*Instructions to follow:*
From the listing below, retype exactly the line holding "Camiseta Masculina Fico", the line holding "Dolce & Gabbana black", and the lines between them; skip everything else.

*The data:*
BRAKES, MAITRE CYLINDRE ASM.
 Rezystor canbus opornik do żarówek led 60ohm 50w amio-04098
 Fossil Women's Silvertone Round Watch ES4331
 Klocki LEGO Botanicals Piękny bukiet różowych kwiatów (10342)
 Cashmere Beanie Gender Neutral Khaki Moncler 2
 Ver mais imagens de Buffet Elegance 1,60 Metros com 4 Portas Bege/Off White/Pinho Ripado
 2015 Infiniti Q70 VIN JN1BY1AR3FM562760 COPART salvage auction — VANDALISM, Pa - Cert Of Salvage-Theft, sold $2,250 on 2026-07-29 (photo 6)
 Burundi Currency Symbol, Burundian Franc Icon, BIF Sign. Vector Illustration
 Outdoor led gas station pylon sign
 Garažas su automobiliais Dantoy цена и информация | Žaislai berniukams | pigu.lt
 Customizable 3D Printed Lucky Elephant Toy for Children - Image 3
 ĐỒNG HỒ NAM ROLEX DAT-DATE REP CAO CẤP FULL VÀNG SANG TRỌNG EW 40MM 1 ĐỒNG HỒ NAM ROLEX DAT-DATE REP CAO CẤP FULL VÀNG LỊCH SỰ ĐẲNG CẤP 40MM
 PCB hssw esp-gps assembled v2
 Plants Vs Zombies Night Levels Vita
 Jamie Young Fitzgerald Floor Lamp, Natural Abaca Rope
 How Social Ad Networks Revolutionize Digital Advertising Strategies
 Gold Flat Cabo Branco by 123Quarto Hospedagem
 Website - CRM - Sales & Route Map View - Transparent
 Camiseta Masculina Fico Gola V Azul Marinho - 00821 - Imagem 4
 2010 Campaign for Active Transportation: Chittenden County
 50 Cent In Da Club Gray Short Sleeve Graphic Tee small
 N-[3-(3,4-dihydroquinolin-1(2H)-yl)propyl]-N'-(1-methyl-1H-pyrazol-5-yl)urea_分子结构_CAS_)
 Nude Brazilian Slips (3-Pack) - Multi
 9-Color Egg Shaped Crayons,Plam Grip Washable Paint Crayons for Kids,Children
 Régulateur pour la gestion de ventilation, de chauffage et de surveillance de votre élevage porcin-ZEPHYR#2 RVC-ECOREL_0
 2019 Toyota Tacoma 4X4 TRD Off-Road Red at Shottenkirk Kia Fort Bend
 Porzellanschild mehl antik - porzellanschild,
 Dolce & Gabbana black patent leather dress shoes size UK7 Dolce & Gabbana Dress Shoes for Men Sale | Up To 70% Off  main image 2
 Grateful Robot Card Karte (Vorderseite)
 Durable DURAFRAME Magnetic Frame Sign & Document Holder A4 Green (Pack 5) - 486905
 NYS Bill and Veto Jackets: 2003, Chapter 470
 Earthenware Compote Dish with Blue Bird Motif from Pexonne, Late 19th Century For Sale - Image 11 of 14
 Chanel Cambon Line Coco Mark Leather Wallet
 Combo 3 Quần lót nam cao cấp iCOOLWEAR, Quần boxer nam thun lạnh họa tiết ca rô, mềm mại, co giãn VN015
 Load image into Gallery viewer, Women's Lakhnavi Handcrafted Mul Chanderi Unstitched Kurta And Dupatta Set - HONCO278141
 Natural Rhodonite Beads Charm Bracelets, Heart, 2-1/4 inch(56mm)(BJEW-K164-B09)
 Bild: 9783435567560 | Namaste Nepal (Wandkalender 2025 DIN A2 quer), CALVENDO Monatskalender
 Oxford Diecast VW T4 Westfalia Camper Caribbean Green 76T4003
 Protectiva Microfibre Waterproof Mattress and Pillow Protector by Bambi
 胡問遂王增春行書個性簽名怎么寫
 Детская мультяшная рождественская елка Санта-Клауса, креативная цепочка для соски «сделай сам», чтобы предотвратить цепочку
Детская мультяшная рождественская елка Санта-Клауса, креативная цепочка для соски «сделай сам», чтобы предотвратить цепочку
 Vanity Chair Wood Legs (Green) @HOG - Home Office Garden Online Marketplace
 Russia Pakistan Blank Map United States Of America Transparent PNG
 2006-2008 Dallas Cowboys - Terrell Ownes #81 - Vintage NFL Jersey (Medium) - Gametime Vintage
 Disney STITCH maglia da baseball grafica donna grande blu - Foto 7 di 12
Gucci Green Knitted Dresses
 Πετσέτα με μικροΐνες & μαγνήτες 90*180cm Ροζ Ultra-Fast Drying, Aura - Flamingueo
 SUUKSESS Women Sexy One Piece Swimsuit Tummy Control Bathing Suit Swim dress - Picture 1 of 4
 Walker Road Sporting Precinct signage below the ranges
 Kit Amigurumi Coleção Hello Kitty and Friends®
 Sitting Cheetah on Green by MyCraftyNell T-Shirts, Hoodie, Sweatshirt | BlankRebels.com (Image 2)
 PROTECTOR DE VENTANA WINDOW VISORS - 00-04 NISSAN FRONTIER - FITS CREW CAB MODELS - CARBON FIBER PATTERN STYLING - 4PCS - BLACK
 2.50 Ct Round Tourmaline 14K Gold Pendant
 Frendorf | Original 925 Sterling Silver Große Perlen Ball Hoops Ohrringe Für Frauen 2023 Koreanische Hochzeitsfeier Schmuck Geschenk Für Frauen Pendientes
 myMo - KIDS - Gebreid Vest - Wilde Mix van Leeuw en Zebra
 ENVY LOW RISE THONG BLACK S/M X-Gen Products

*Finished exercise:*
 Camiseta Masculina Fico Gola V Azul Marinho - 00821 - Imagem 4
 2010 Campaign for Active Transportation: Chittenden County
 50 Cent In Da Club Gray Short Sleeve Graphic Tee small
 N-[3-(3,4-dihydroquinolin-1(2H)-yl)propyl]-N'-(1-methyl-1H-pyrazol-5-yl)urea_分子结构_CAS_)
 Nude Brazilian Slips (3-Pack) - Multi
 9-Color Egg Shaped Crayons,Plam Grip Washable Paint Crayons for Kids,Children
 Régulateur pour la gestion de ventilation, de chauffage et de surveillance de votre élevage porcin-ZEPHYR#2 RVC-ECOREL_0
 2019 Toyota Tacoma 4X4 TRD Off-Road Red at Shottenkirk Kia Fort Bend
 Porzellanschild mehl antik - porzellanschild,
 Dolce & Gabbana black patent leather dress shoes size UK7 Dolce & Gabbana Dress Shoes for Men Sale | Up To 70% Off  main image 2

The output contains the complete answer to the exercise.